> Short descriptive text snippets
>>>
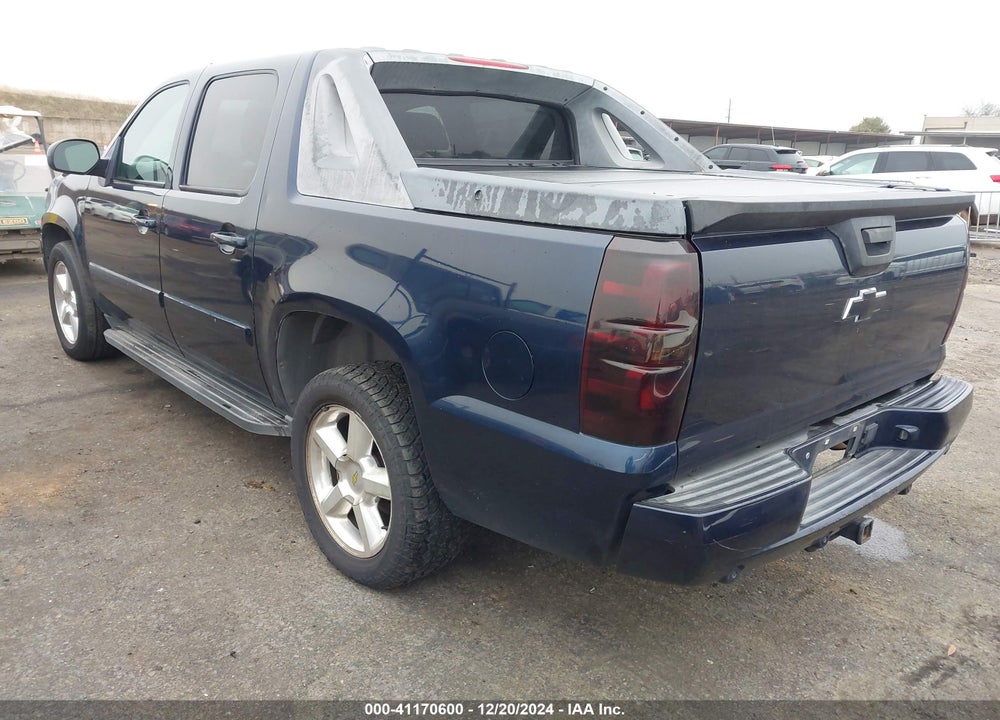 2007 CHEVROLET AVALANCHE 1500 LT VIN: 3GNFK12347G150448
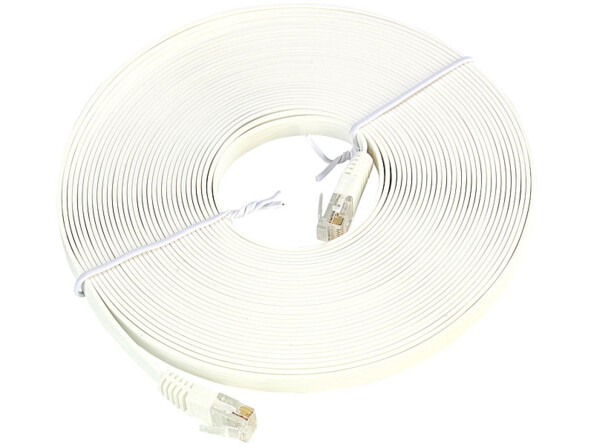 Câble réseau plat Cat5E UTP - 10 m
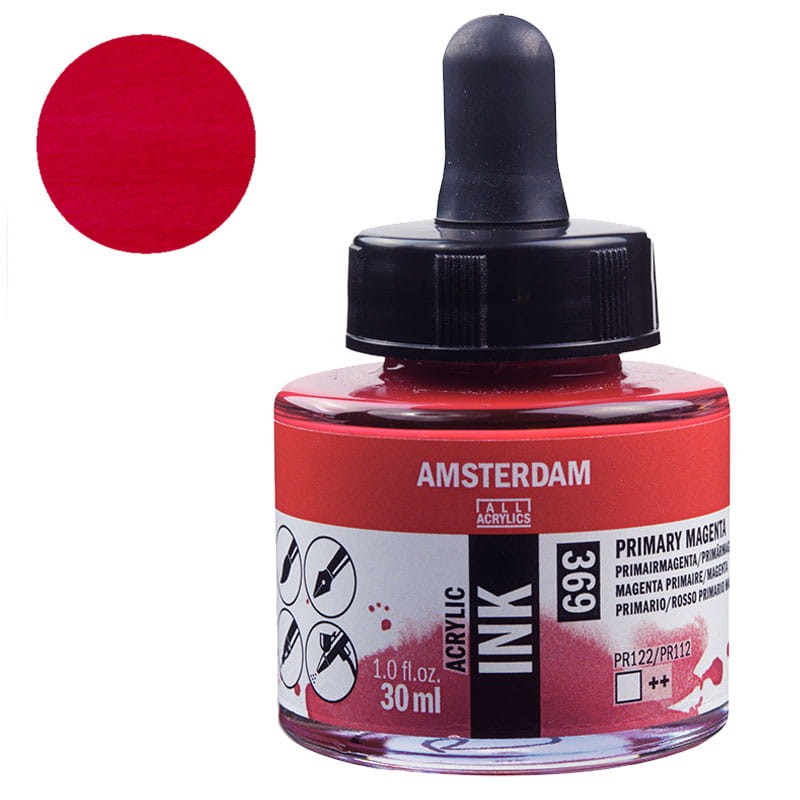 Tusz akrylowy Amsterdam Acrylic Ink Talens 30 ml 369 Primary Magenta 01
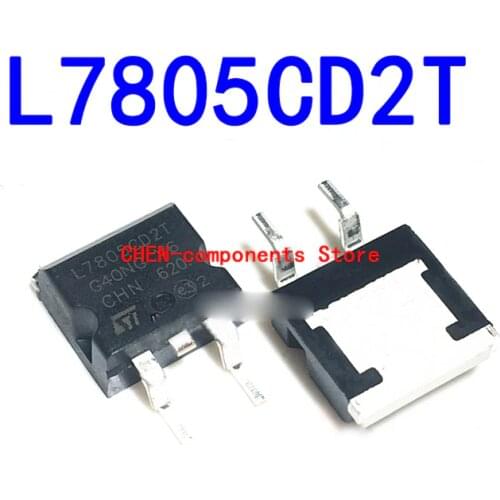 10pcs L7805CD2T original TO-263 patch 7805 L7805C2T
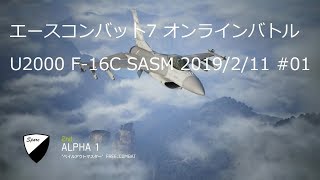 [ エースコンバット7 ] バトルロイヤル、U2000 F-16C SASM 20190211-#01 実況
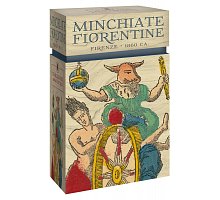 Фото Таро Мінчаїте Фьорентина (Обмежена серія) - Tarot Minchaite Fiorentine Limited Edition. Lo Scarabeo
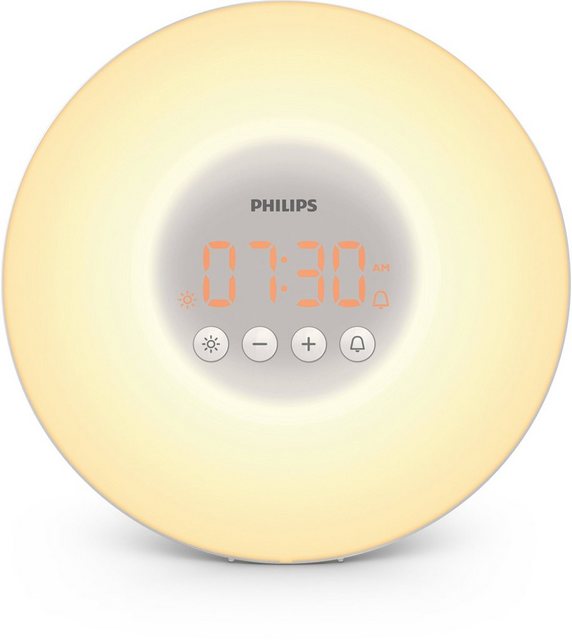 Philips Tageslichtwecker »Wake-up Light HF3500/01« mit 10 Helligkeitseinstellungen, Schlummerfunktion und 4 Display-Helligkeitsstufen-Otto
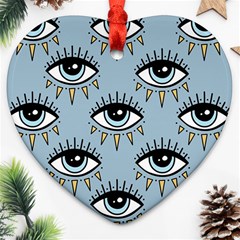 Eyes Pattern Ornament (heart) by Valentinaart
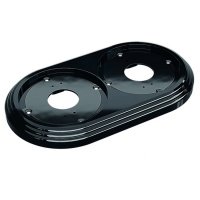 Рамка 2-местная пластиковая, черный, УСАДЬБА GE30702-05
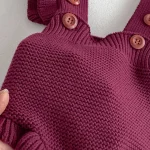 [66-100cm] フリル ニット サロペット - Image 19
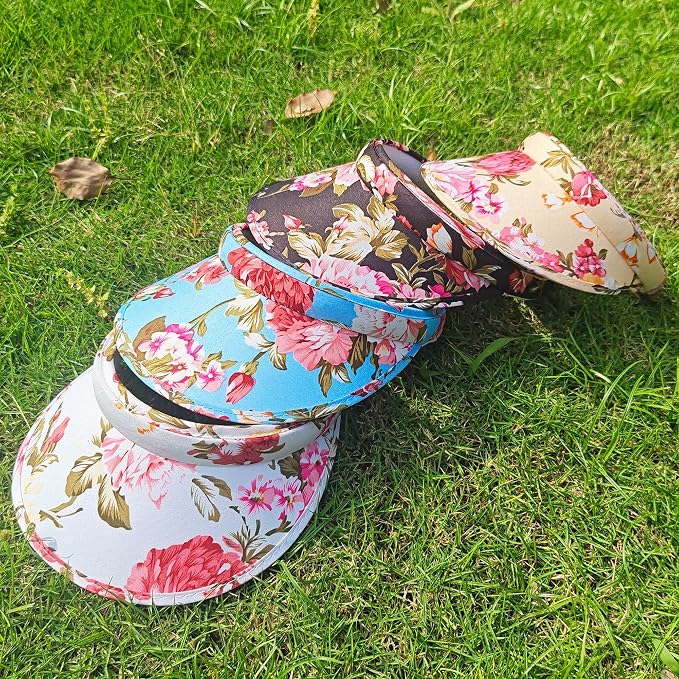 2 Pack Sun Visor Hats Women Men Clip On Wide Brim Visors Hat Outdoor Sports Golf Beach Travel Tennis Caps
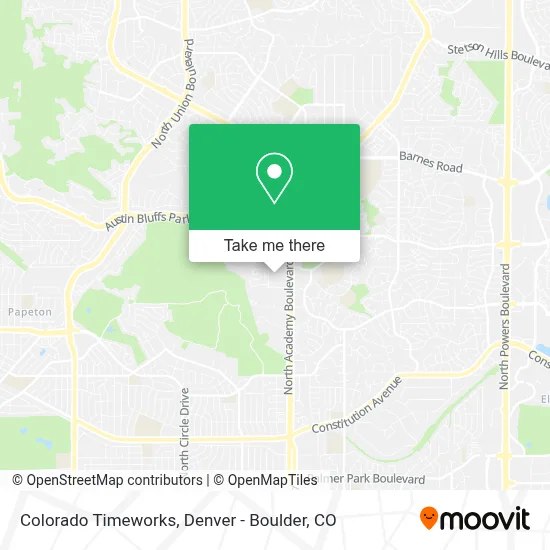Colorado Timeworks map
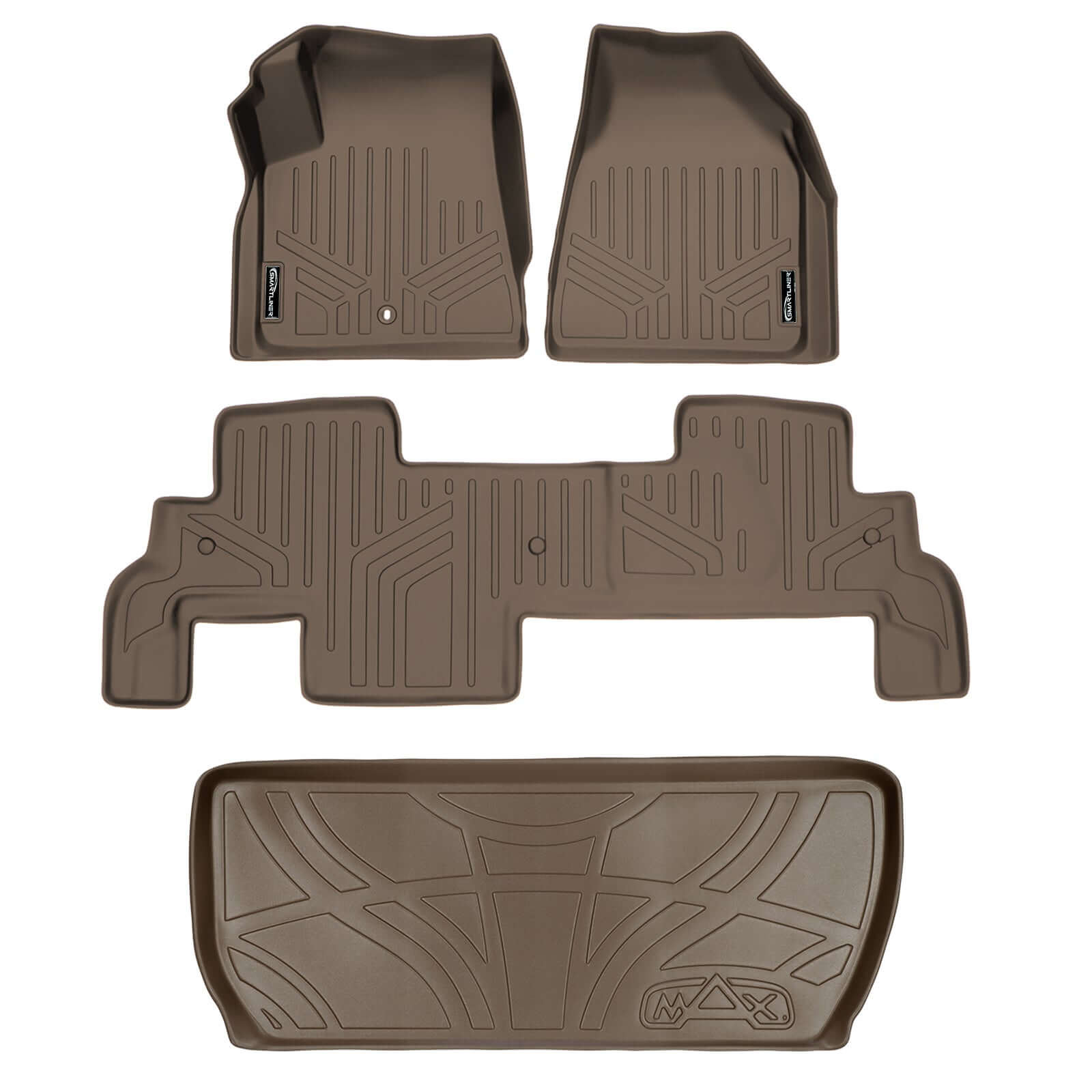 SMARTLINER Custom Fit Floor Liners For Traverse/Enclave/Acadia/Outlook (with 2nd Row Bench Seat) Smartliner USA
<<<
> Exercise requirements
Quote, exactly and only, the lines from the first line of the data above through the line containing "Colorado Timeworks map". The pictures do not belong in it.

> Your response
 2007 CHEVROLET AVALANCHE 1500 LT VIN: 3GNFK12347G150448
 Câble réseau plat Cat5E UTP - 10 m
 Tusz akrylowy Amsterdam Acrylic Ink Talens 30 ml 369 Primary Magenta 01
 10pcs L7805CD2T original TO-263 patch 7805 L7805C2T
 [ エースコンバット7 ] バトルロイヤル、U2000 F-16C SASM 20190211-#01 実況
 Фото Таро Мінчаїте Фьорентина (Обмежена серія) - Tarot Minchaite Fiorentine Limited Edition. Lo Scarabeo
 Philips Tageslichtwecker »Wake-up Light HF3500/01« mit 10 Helligkeitseinstellungen, Schlummerfunktion und 4 Display-Helligkeitsstufen-Otto
 Eyes Pattern Ornament (heart) by Valentinaart
 Рамка 2-местная пластиковая, черный, УСАДЬБА GE30702-05
 [66-100cm] フリル ニット サロペット - Image 19
 2 Pack Sun Visor Hats Women Men Clip On Wide Brim Visors Hat Outdoor Sports Golf Beach Travel Tennis Caps
Colorado Timeworks map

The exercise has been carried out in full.